Can not overwrite docs in ElasticVectorSearch as Pinecone do #2484

firezym · 2023-04-06T10:24:28Z

If index already exists or any doc inside it, I can not update the index or add more docs to it. for example:
docsearch = ElasticVectorSearch.from_texts(texts=texts[0:10], ids=ids[0:10], embedding=embedding, elasticsearch_url=f"http://elastic:{ELASTIC_PASSWORD}@localhost:9200", index_name="test")

Get an error: BadRequestError: BadRequestError(400, 'resource_already_exists_exception', 'index [test/v_Ahq4NSS2aWm2_gLNUtpQ] already exists')

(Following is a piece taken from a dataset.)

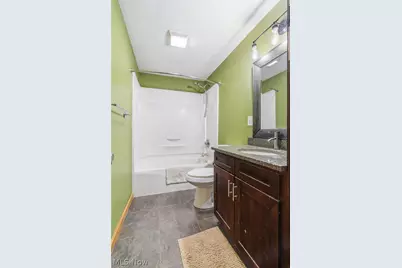 5220 Woodlynn Street NE, East Canton, OH 44730 - Photo 14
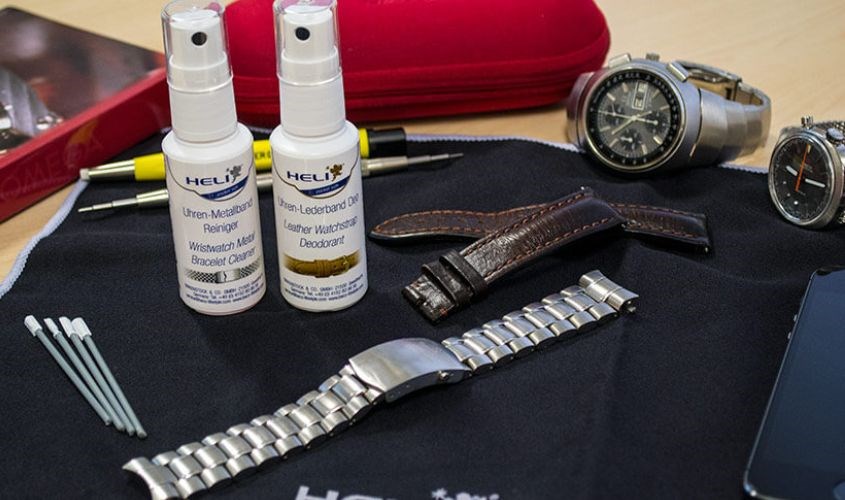 vệ sinh dây đồng hồ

sergerdn · 2023-04-06T15:53:52Z

@firezym

Please provide me with your full code for reproducing errors, including the code for inserting data into Elastic Search. Did this error occur after a library upgrade or is it an entirely new code?

sergerdn · 2023-04-06T19:36:12Z

I hope I fixed your issue at #2445.

Please let me know if there's anything else I can do to help

firezym · 2023-04-07T01:51:19Z

This code runs ok at the first time when there is no elastic index "test":
`
from langchain import ElasticVectorSearch
from langchain.embeddings import OpenAIEmbeddings
embedding = OpenAIEmbeddings()

texts = ['aaa', bbb', ccc', 'ddd','eee']
ids = [0,1,2,3,4]

docsearch = ElasticVectorSearch.from_texts(texts, embedding=embedding, ids=ids, elasticsearch_url=f"http://elastic:{ELASTIC_PASSWORD}@localhost:9200", index_name="test")

docs = docsearch.similarity_search(query, k=10)
docs
`
But if I run for the 2nd time (overwrite the docs of the same id), It gets error:
Get an error: BadRequestError: BadRequestError(400, 'resource_already_exists_exception', 'index [test/v_Ahq4NSS2aWm2_gLNUtpQ] already exists')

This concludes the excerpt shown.